Virus spreads like wildfire
2005-05-04 14:55
Johannesburg - A new computer virus which has infected scores of computers worldwide has been detected, the NOD 32 company said on Wednesday.
Chief Executive Officer Justin Stanford said the virus, Sober.O worm, was first detected on Tuesday and has been spreading rapidly via-email.
According to Stanford the virus was detected through Eset NOD32's Virus-Radar at www.virusradar.com.
"Over 100 000 infected samples have been collected in the last 24 hours, marking this as the worst virus onslaught of the year, said Stanford.
"Sober.O uses its own SMTP engine to spread through e-mail and create outgoing messages from a spoofed sender's address that may use the words 'admin', 'info', 'postmaster', and 'web master", he added.
He said subject lines for these infected e-mails included a password, registration confirmation, blocked email, and mailing error.
Climbing the virus charts
The virus had rapidly risen to the number two spot in the top five, and continues to climb, he said.
Stanford said when the e-mail attachment in the infected message was opened, Sober.O collected e-mail addresses from local files and then used the addresses to send itself out to other computers.
"It will also attempt to delete many files on the system. Once a computer is infected the virus locks the files in the system's memory so that they cannot be easily detected or removed by antivirus products," he said.
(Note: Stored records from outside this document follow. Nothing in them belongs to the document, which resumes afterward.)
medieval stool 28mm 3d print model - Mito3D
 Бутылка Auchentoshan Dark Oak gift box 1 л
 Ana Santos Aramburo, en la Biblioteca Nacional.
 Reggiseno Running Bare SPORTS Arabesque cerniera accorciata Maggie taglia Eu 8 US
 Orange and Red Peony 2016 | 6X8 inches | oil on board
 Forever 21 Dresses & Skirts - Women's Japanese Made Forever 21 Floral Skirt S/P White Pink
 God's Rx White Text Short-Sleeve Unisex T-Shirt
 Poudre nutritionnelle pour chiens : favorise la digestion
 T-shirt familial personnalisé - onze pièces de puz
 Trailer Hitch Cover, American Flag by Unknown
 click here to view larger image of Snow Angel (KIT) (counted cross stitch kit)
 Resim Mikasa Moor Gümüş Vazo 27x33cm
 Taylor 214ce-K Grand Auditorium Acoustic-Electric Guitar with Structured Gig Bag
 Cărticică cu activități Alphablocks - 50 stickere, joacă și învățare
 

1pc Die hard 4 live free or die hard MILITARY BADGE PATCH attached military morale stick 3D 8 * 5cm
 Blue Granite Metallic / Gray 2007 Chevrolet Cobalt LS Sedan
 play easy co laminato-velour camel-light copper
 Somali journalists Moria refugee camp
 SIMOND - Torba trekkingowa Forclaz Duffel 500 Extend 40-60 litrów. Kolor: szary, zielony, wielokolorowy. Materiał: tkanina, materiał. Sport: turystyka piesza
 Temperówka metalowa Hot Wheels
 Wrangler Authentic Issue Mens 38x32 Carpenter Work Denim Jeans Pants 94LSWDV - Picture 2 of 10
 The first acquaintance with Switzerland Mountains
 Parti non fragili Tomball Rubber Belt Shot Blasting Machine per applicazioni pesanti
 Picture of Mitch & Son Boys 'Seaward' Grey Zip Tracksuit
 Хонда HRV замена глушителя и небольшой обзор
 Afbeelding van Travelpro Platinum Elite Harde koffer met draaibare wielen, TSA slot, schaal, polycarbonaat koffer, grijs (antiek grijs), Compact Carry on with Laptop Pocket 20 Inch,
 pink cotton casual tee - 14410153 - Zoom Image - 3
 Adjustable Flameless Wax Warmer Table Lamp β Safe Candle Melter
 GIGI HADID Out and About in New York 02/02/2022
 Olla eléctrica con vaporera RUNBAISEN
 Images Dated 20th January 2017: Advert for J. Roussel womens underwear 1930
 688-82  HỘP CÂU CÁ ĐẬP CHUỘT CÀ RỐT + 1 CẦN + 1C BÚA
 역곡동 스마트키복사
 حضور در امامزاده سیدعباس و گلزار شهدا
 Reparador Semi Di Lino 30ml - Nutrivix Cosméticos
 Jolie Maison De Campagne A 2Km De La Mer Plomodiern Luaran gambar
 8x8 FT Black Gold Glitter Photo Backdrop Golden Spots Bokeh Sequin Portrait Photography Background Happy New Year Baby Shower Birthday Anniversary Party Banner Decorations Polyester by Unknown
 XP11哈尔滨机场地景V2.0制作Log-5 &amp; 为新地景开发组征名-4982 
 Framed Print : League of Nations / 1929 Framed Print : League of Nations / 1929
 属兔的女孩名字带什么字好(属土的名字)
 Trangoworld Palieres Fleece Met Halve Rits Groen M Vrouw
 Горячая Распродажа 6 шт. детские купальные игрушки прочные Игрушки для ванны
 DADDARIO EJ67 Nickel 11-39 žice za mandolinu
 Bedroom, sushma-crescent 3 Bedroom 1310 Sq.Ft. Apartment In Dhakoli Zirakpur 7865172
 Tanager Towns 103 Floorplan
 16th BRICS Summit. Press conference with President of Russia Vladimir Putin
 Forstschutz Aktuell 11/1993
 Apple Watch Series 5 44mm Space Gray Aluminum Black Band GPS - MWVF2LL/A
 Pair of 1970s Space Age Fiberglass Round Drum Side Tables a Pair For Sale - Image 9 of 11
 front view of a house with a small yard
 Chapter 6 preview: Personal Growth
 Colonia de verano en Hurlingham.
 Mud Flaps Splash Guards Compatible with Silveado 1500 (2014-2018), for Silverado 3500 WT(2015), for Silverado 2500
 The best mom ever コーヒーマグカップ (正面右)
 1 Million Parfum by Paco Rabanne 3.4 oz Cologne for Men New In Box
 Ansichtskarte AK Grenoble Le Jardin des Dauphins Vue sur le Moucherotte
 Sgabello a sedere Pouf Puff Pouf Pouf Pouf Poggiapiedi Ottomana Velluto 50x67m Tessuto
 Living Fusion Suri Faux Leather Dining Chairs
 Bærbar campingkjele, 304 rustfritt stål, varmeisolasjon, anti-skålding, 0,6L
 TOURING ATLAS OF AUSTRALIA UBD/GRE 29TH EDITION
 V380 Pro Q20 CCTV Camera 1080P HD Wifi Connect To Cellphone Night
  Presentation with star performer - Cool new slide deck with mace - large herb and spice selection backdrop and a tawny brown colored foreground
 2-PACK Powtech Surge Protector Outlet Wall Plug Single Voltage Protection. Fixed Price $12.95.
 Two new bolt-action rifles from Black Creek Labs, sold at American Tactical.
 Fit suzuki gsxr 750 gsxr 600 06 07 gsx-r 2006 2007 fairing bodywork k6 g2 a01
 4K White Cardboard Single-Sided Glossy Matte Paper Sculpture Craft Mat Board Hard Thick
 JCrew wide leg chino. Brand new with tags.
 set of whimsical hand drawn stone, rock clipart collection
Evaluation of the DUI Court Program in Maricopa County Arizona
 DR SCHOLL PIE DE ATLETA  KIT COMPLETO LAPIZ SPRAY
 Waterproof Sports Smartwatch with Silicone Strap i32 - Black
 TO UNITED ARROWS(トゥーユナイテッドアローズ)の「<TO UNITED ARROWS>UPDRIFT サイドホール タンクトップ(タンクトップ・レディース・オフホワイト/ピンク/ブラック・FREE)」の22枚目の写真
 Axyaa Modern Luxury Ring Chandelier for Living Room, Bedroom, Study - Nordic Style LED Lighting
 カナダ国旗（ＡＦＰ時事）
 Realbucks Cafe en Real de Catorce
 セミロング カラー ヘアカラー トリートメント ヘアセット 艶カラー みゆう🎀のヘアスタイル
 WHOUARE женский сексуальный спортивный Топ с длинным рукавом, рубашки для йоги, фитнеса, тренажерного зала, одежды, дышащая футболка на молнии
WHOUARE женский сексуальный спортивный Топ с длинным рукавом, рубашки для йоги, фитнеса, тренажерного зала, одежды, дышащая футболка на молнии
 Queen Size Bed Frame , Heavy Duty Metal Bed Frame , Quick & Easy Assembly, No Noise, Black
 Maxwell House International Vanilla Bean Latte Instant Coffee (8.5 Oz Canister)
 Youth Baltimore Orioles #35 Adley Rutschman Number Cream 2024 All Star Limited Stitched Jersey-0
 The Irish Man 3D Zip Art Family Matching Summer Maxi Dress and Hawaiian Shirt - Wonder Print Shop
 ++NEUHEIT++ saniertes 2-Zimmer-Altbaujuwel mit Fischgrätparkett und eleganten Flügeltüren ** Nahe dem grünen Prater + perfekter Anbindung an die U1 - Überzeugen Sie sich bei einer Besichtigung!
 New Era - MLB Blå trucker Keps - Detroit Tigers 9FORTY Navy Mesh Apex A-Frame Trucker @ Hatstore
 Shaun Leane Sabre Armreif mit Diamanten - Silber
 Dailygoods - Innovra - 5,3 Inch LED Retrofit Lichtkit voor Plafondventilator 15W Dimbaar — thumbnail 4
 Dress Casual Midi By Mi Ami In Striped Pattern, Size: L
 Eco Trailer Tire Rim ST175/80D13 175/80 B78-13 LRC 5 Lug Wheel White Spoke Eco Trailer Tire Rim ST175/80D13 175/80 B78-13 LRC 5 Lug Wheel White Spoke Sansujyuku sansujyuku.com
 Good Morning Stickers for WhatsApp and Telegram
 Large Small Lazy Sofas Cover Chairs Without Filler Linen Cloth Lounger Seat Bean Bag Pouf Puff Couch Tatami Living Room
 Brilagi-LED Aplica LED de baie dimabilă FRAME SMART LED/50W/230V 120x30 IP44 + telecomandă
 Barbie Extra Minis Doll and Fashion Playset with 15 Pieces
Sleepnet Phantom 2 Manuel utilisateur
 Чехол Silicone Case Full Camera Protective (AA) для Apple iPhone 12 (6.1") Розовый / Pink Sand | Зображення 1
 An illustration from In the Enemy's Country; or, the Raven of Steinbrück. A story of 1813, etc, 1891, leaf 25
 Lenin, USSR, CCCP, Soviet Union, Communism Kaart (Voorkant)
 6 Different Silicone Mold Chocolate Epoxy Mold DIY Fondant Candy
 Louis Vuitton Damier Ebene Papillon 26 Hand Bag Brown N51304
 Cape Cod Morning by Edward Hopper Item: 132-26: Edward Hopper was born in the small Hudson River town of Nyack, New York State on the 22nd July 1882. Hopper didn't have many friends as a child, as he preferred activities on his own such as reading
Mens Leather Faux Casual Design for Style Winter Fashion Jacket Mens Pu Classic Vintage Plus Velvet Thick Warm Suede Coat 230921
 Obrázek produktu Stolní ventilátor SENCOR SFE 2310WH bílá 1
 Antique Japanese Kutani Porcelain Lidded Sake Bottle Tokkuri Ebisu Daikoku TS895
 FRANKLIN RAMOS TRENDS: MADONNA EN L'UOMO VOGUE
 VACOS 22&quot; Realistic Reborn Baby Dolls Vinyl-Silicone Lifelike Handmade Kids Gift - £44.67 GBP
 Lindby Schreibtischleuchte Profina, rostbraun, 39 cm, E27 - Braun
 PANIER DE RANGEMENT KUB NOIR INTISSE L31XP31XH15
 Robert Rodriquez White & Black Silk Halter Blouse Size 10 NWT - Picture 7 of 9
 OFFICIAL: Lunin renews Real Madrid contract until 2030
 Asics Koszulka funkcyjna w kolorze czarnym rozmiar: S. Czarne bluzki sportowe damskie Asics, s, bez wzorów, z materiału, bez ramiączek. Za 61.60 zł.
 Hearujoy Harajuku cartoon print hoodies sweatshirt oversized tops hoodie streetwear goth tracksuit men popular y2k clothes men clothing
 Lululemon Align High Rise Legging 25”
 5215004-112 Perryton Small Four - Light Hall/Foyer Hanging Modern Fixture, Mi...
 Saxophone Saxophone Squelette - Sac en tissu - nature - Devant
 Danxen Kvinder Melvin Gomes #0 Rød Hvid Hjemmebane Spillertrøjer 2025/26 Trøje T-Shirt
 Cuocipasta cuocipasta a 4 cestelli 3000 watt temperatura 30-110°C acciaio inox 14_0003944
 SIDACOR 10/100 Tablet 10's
For this reason it was important to detect the virus in a proactive way even before a signature update had been created, he adds.
He said Sober.O also sought and destroyed files in the registry that could potentially disable many anti-virus files and firewall programs.
The company is providing a free cleaner for infected systems not protected by the NOD32 anti-virus software.
The cleaner can be downloaded at www.nod32.co.za.